Pochi anni dopo, nel 1901, Castelnuovo ed Enriques presentano un lavoro congiunto per il Premio Reale per la Matematica conferito dall'Accademia dei Lincei. Premio che verrà assegnato nel 1905 a Castelnuovo e nel 1907 a Enriques.
Dopo gli importanti risultati raggiunti nell'ambito della geometria delle superfici algebriche, Castelnuovo rivolge la propria attenzione ad altre questioni di matematica e di fisica. Pubblica dal 1907 importanti riflessioni sul valore culturale e formativo delle due discipline, quindi dal 1913 si dedica al calcolo delle probabilità, sul quale pubblica nel 1919 un libro che è poi divenuto un testo classico. In seguito si occupa della teoria della relatività di Einstein, e ha un ruolo determinante nella sua diffusione in Italia con il volume Spazio e tempo secondo le vedute di Albert Einstein (1923), e con la voce Relatività (Teoria della) nella Enciclopedia Treccani, oltre che con numerosi articoli e conferenze. Con scritti e recensioni sulla rivista "Scientia" prende parte al dibattito sul determinismo sollevato dalla teoria dei quanti.

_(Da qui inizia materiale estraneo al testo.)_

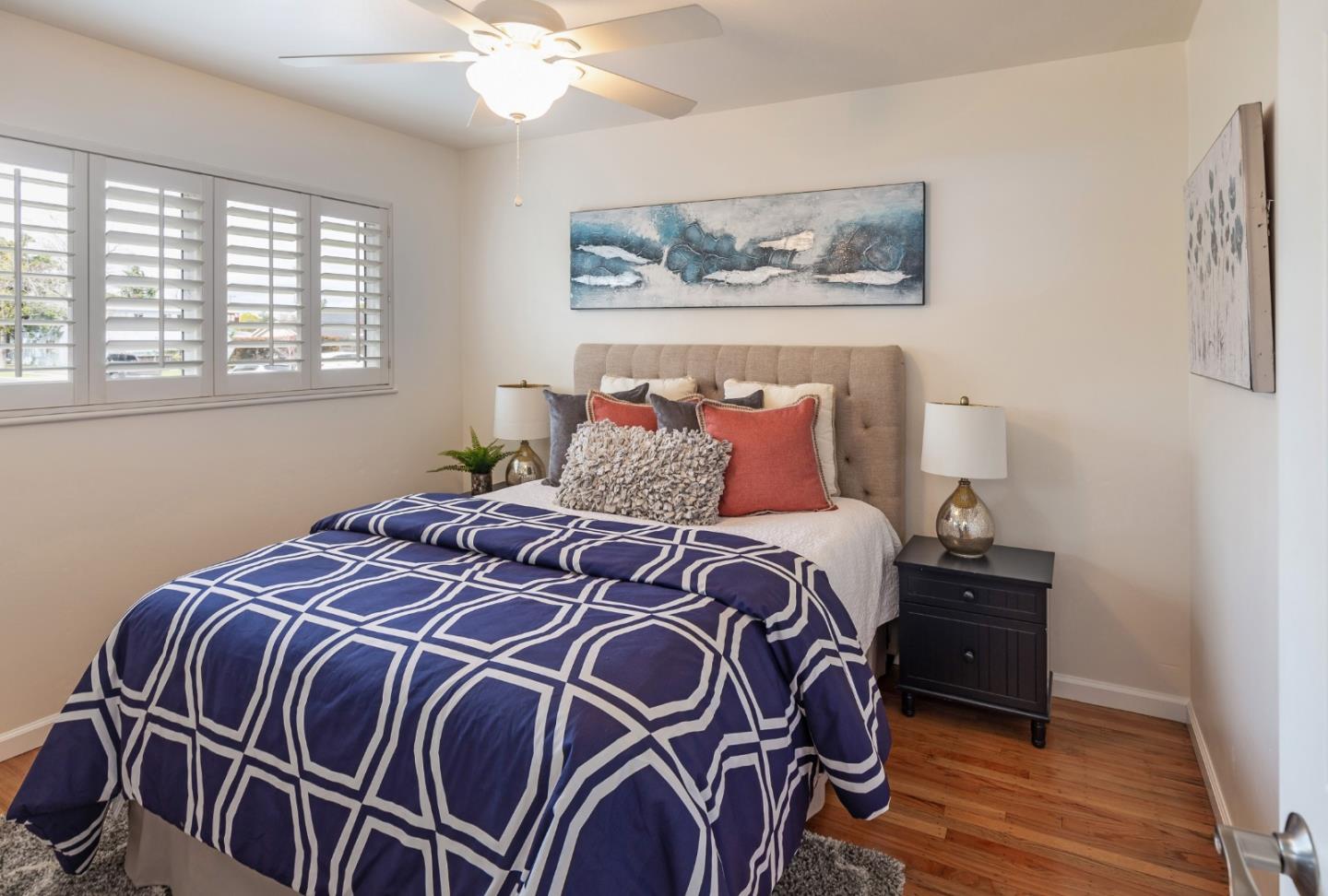 180 Maricopa Drive Los Gatos, CA 95032 - Photo 8 of 14 a bedroom with a bed and wooden floor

Con l'avvento del fascismo, tuttavia, la situazione per Castelnuovo si fa difficile. Amico di Vito Volterra, è attivo oppositore della Riforma Gentile e, dopo il consolidamento del regime, si concentra sull'attività scientifica e universitaria. Le sue ultime pubblicazioni risalgono al 1937 (Memorie scelte di geometria, curate da lui stesso), e al 1938 (Le origini del calcolo infinitesimale nell'era moderna).
Le leggi razziali sembrano ridurlo al silenzio. In realtà egli riesce a portare avanti la sua opera di insegnamento presso l'Università Clandestina, cui dà vita tra il dicembre 1941 e il settembre 1943, per permettere ai giovani ebrei espulsi dalle scuole pubbliche di continuare gli studi. Riesce anche ad ottenere che gli studenti di ingegneria possano proseguire gli studi in Svizzera, presso l'Istitut Technique Supérieur di Friburgo. Dopo l'8 settembre, nella Roma occupata dai tedeschi è costretto a vivere in clandestinità, cercando rifugio presso amici e allievi, rischiando come tutti gli ebrei la deportazione e perciò la vita.
Con la liberazione di Roma nel giugno del 1944 Castelnuovo riprende l'attività pubblica: la sua autorevolezza di ricercatore e di uomo fanno di lui una figura cui affidare la rinascita delle istituzioni culturali italiane, prime fra tutte il C.N.R., di cui è nominato commissario nello stesso 1944, e l'Accademia dei Lincei, di cui segue la ricostituzione tra il 1944 e il 1946. Col ritorno dei Lincei alla normale attività istituzionale, nel 1946 viene eletto presidente dell'Accademia, e tre anni più tardi il Presidente della Repubblica Luigi Einaudi lo nomina Senatore a vita per i suoi meriti scientifici. Muore a Roma il 27 aprile 1952.